The short form (with some arms waving) for me has always been: When the universe cooled enough for ionized hydrogen to recombine into neutral hydrogen, visible light could travel largely unhindered. By contrast, the universe became opaque to the 21 cm wavelength of neutral hydrogen. Thus, transparency is wavelength dependent. Only when stars and galaxies formed, and the neutral hydrogen got partly ionized, and concentrated in regions of higher density around galaxies and clusters did the universe become (largely) transparent in the 21 cm wavelength.

[old_eyes]

You are of course right about re-ionisation. The bit that I found fascinating was the explanation about why, from one perspective, neutral atoms appeared so quickly, and from another, so slowly. All buried in the subtleties of quantum mechanics.

[900SL]

Can somebody explain why that article states that the photons on the early universe had high kinetic energy and momentum?

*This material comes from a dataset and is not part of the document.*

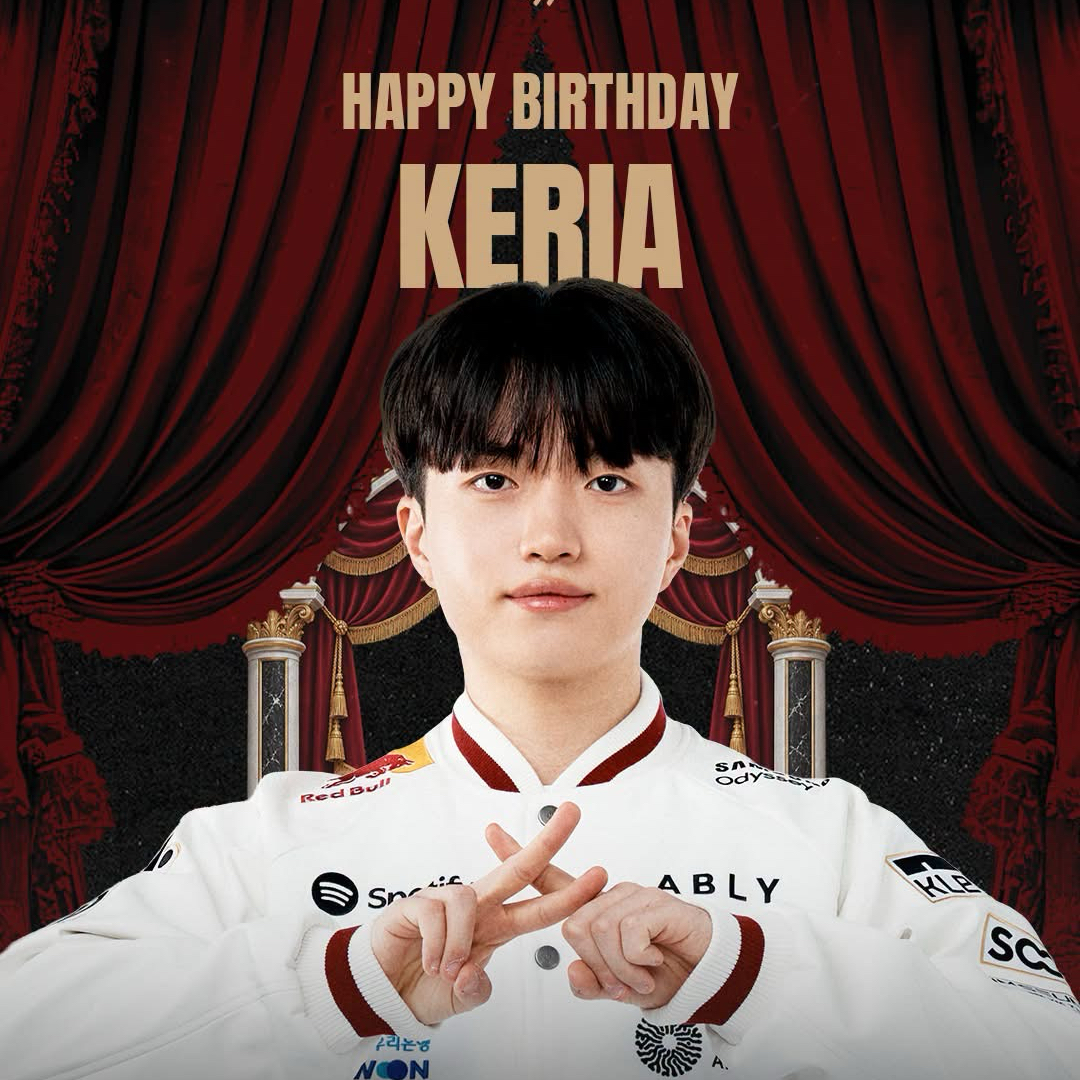 Latest photo of Keria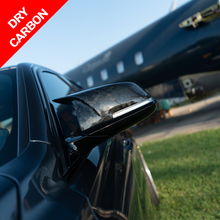 Load image into Gallery viewer, BMW F22 / F30 / F32 - ///M Style Mirror Covers - DRY Forged Carbon Fiber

I always thought (A level physics) that photons were massless and KE was 1/2mV2. Is this a quantum thing? 

[vlaiv]

1 minute ago, 900SL said:

Can somebody explain why that article states that the photons on the early universe had high kinetic energy and momentum? I always thought (A level physics) that photons were massless and KE was 1/2mV2. Is this a quantum thing? 

Yep - quantum thing.

Momentum of photon is h / lambda  or h * f

(depends on frequency - higher frequency - higher momentum - that is why x-rays and gamma rays are dangerous - high energy / momentum)

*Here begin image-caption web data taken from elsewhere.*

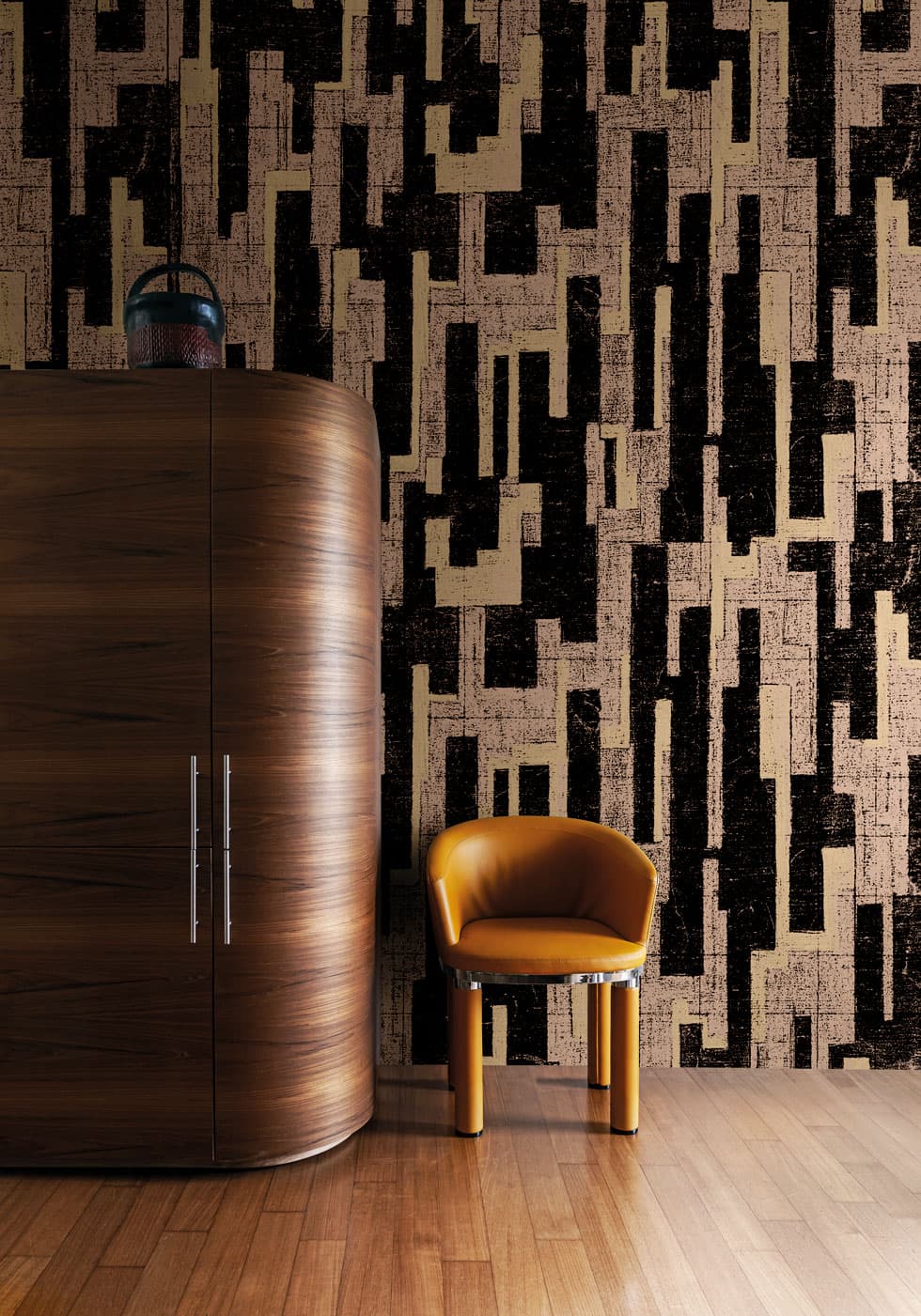 Nobody by Nicola Bottegal, in a room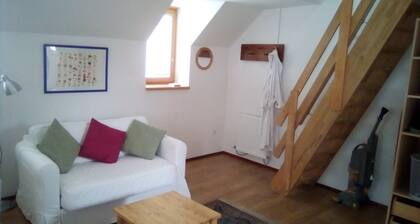 No 2 Old Town Apts is in the centre of Bohinjska Bistrica, close to amenities.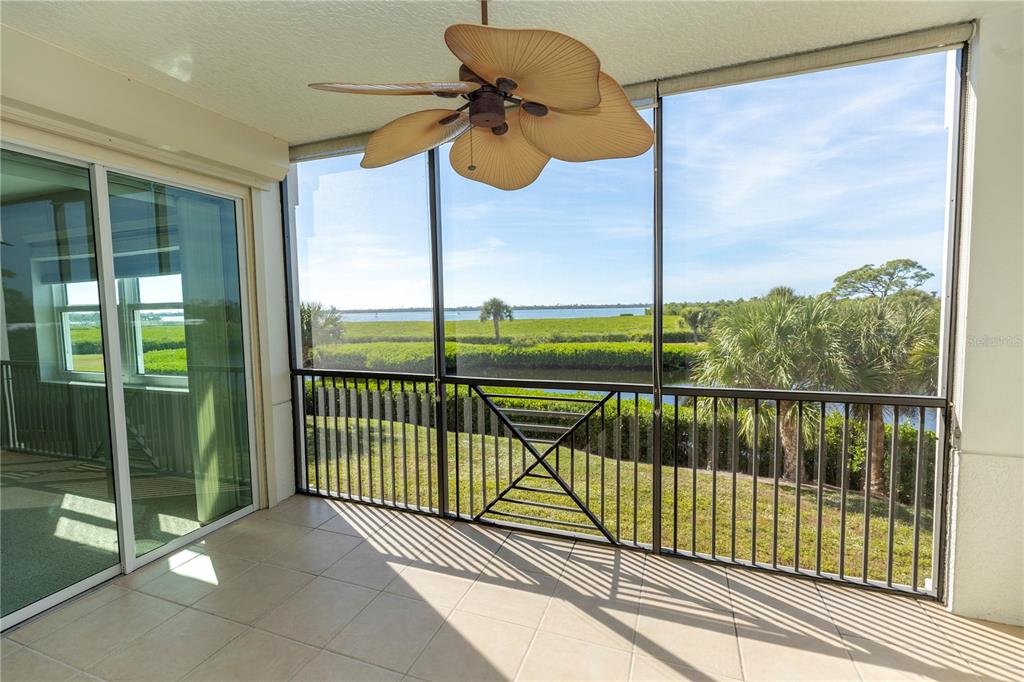 9203 Griggs Road, Unit B102 Englewood, FL 34224 - Photo 7 of 66 a view of a balcony
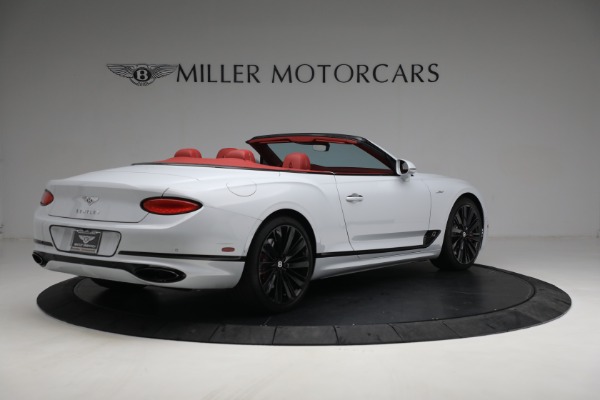 Used 2022 Bentley Continental GTC Speed for sale $299,900 at Bugatti of Greenwich in Greenwich CT 06830 8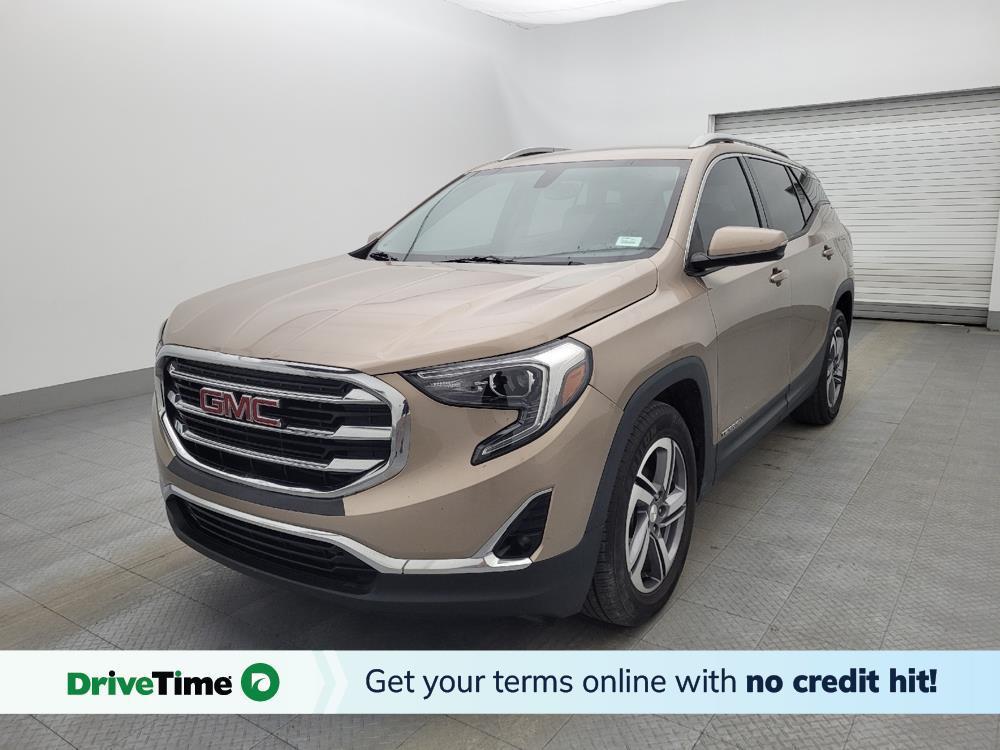 used 2019 GMC Terrain car, priced at $19,095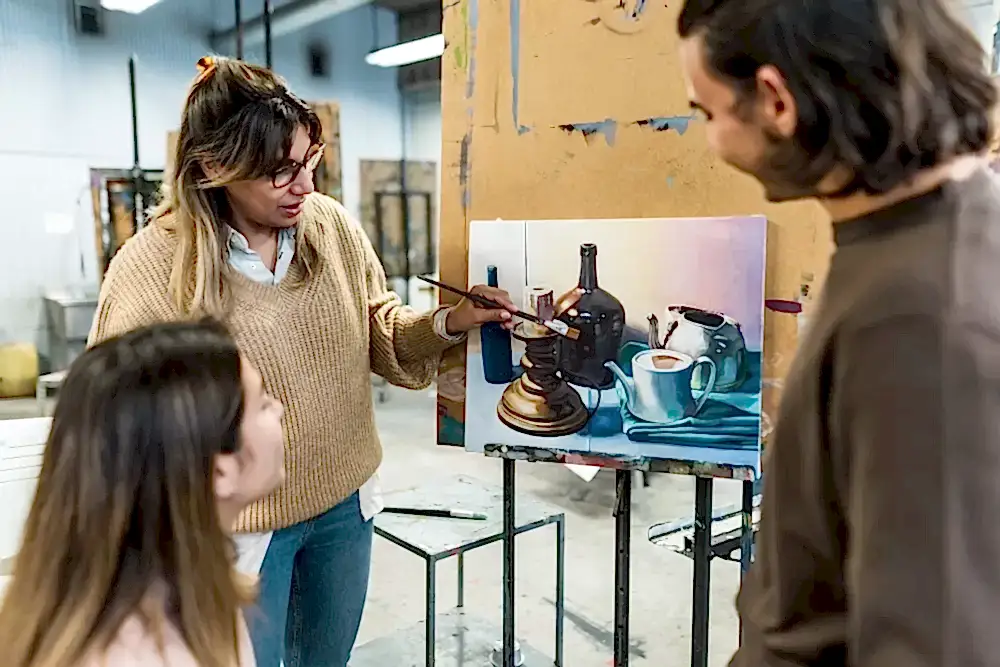 güzel sanatlara hazırlık workshop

Energy of photon is given by h * c / lambda or h * c * f

Energy and momentum of photon are related as E = p * c

 

[900SL]

Thanks Vlaiv ! 

(I'm an Engineer .. equations and concepts are simpler in my world)

[DaveS]

.

 

Edited February 16, 2023 by DaveS
Not the intended video.

[jjohnson3803]

Physics joke:

What's new (nu)?  Energy divided by Planck's Constant.  

🤣

 

[George Jones]

On 16/02/2023 at 12:13, 900SL said:

Can somebody explain why that article states that the photons on the early universe had high kinetic energy and momentum? I always thought (A level physics) that photons were massless

Yes, the rest mass of a photon is zeoro

 

On 16/02/2023 at 12:13, 900SL said:

and KE was 1/2mV2.

This is (approx) true only for non-relativistic physics.

Another way to @vlaiv's final equation. The world's most well-known equation, E =mc^2, is a special case of a more general equation (my favourite physics equation),

E^2 - (cp)^2 = (mc^2)^2,

where E is the total energy of the "particle", m is the rest mass of he particle, and p is the momentum of the particle.

Suppose that a particle with non-zero rest mass m is at rest, so that its momentum p is zero. The equation then is E^2  = (mc^2)^2, which, after taking square roots on both sides, gives the famous E =mc^2. E =mc^2 is true for particles that have non-zero m, and that are at rest. E =mc^2 is not true for any moving particles.

Now consider the case of a particle that has zero energy E, and has zero rest mass m, e.g., a photon. Then E^2 - (cp)^2 = (mc^2)^2 becomes E = cp.